Read & Win: Super-Resolution Microscopy - A Practical Guide
Super-resolution microscopy is based on light microscopy and encompasses several techniques that enable an enhanced structural resolution in biological and other specimens down to 10 nm. It is the achievement of a truly interdisciplinary research community as it requires the expertise of chemists, biologists, physicists and engineers: Suitable probes such as chemical fluorophores and fluorescent proteins had to be designed, sample preparation optimized, and adequate hard- and software had to be developed for single-molecule detection and analysis. Udo Birk gives a practical introduction to the field of super-resolution microscopy. Written for the non-expert user who is new to the field and wishes to use recently commercialized instruments, this book provides information on practical requirements, e.g. on sample preparation, as well as hard- and software considerations.
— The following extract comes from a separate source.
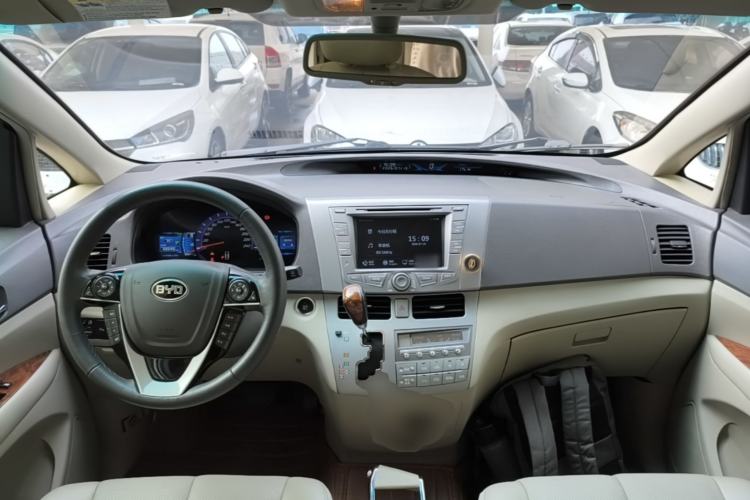 Used BYD M6 2015 2.4L Automatic Prestige Edition Center Console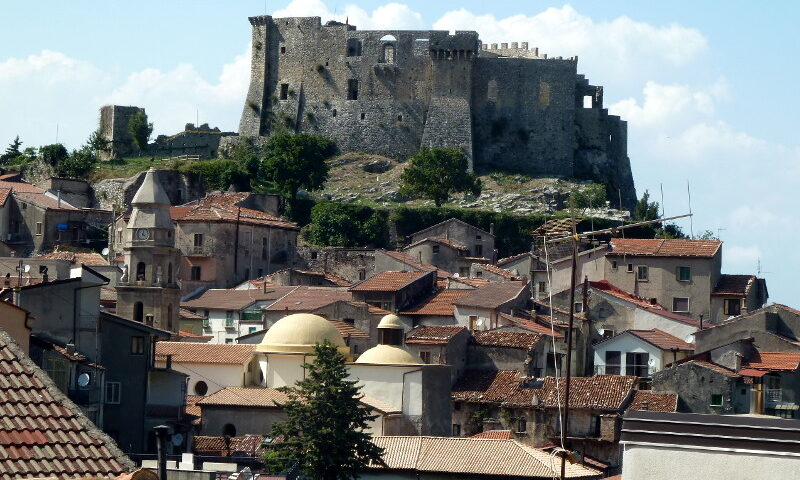 Sicignano degli Alburni, stretta sui locali della vita notturna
The book depicts the four major techniques of super-resolution microscopy: structured illumination microscopy (SIM), multi-scale imaging, single-molecule localization (SML) and stimulated emission depletion (STED) microscopy. For each individual technique the experimental setup is introduced, imaging protocols are provided and applications are shown. The author concludes with a discussion of future challenges addressing issues of routine applications and further commercialization of the available techniques.
Win the book!
To have a chance of winning the book read Issue 1, 2018 of Imaging & Microscopy (page 12). As a subscriber you could read the issue already online or order you own copy (as a free trial copy). Take part in our competition and send your answer to email@example.com with the subject line Read & Win. All correct answers will be entered in a prize draw and the lucky winner will receive a copy of "Super-Resolution Microscopy".
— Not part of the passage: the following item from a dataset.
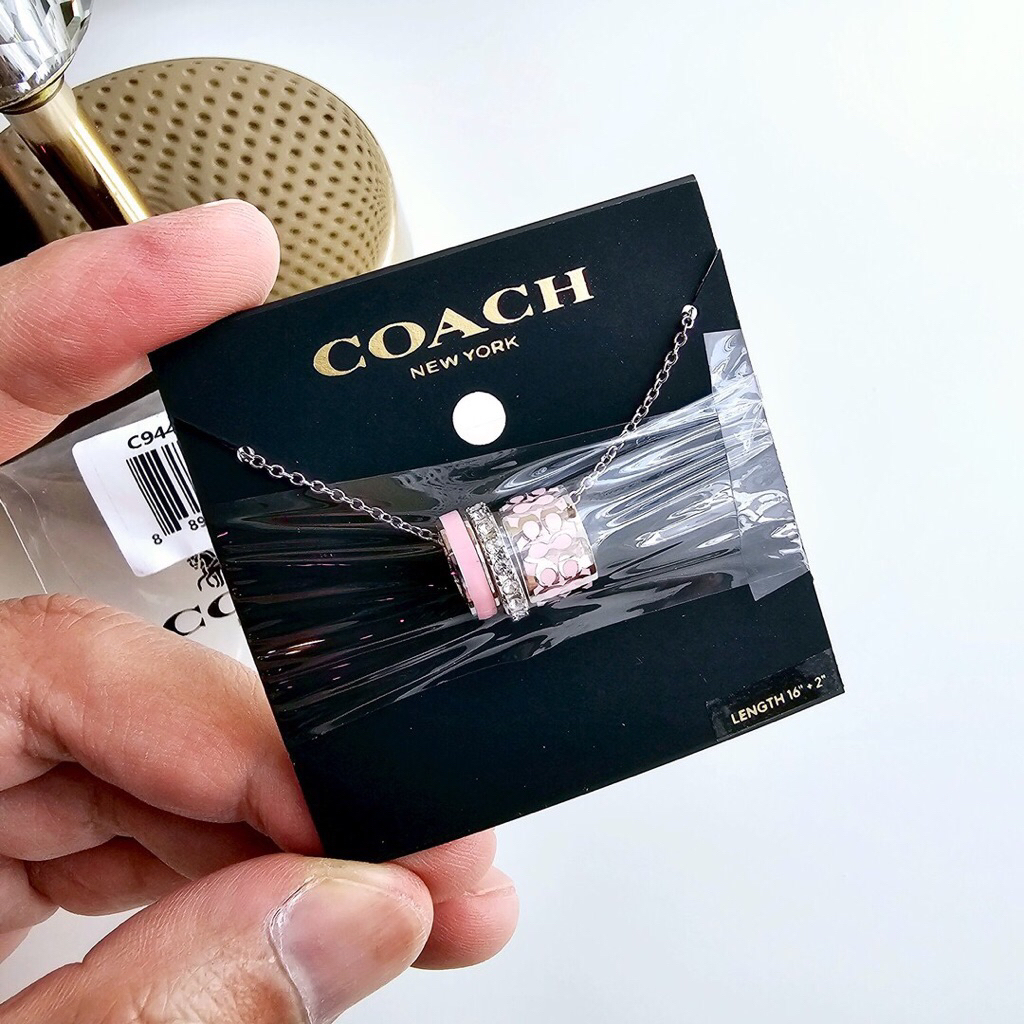 สร้อยคอ  C✩achของงเเท้100%สีชมพู C9446 Signature Enamel Necklace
Closing date: June 17, 2018.
Dr. Udo J. Birk
is a Lecturer for Image Processing at the HTW Chur and at Mainz University, where he holds a post-doctoral teaching degree (Habilitation) in Experimental Physics. In his research, he focus on the development of novel quantitative imaging and visualization approaches. He obtained his PhD for the co-development of a structured illumination, super-resolution fluorescence microscope. His work has also included quantitative optical tomography, photo-acoustics, and single molecule localization microscopy.
Interview with Udo Birk:
What is your main focus in research, what is your main scientific interest?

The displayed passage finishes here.